Pre-normalizing Legendre Polynomials

Legendre.jl Series, Part III

Legendre.jl Series: Parts 1, 2, 3, 4, 5

In the previous part we computed Legendre polynomials via a few recurrence relations, but the polynomial values grow rapidly with degree and quickly overflow the range of standard finite floating point numbers. In this posting we explore baking in a normalization factor into the recurrence relation — such as used when the Legendre polynomials are used to calculate the spherical harmonics — that eliminates the overflow.


Introduction

At the end of the previous article we saw that the growth of the Legendre polynomials polynomials rapidly leads to numerical overflow. For common uses such as calculating the spherical harmonics in CMB analysis, we require calculating the polynomials to much higher degrees than where the overflows occur, so our goal in this article is to explain how to mitigate this problem.

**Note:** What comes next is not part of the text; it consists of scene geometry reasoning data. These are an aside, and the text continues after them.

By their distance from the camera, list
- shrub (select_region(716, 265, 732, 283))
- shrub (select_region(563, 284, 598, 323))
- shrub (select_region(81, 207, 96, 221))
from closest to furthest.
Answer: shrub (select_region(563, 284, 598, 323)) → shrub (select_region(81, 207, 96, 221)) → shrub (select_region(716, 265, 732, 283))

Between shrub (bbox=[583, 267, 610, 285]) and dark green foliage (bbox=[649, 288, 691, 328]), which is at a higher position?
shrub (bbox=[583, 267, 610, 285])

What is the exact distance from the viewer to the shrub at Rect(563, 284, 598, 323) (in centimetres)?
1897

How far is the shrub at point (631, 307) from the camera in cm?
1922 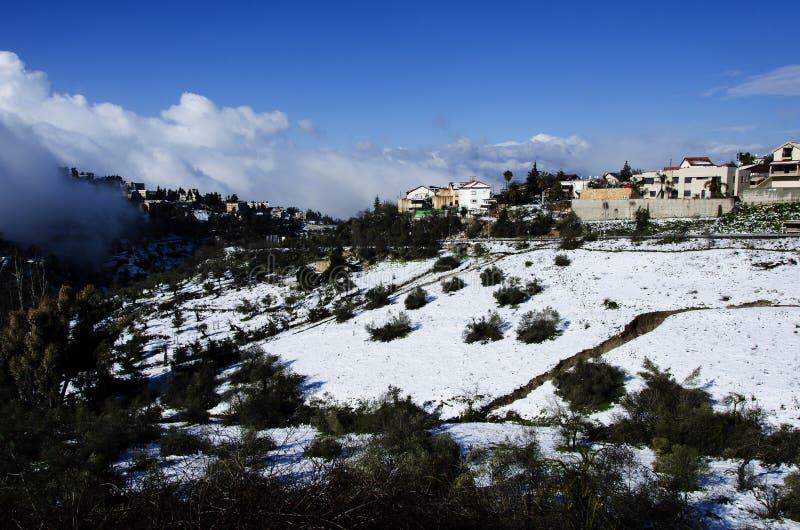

As a reminder, recall that we calculate the associated Legendre polynomials by evaluating the following three recurrence relations — starting from an appropriate initial condition — for any integer degree $\ell$ and order $m$.

\begin{align} P_\ell^\ell(x) &= -(2\ell-1)\sqrt{1-x^2} P_{\ell-1}^{\ell-1}(x) \label{eqn:std_rr_1term_lm} \\ P_\ell^{\ell-1}(x) &= (2\ell-1) x P_{\ell-1}^{\ell-1}(x) \label{eqn:std_rr_1term_l} \\ P_\ell^m(x) &= \frac{2\ell-1}{\ell - m} x P_{\ell-1}^m(x) - \frac{\ell+m-1}{\ell - m} P_{\ell-2}^m(x) \label{eqn:std_rr_2term} \end{align}

Note that compared to Eqs. 1–3 in the previous article, we have shifted the indexing so that $\ell+1 \rightarrow \ell$ and the left-hand side is for degree $\ell$ (not $\ell+1$). (This will prove to be more convenient shortly when we start generalizing these equations.)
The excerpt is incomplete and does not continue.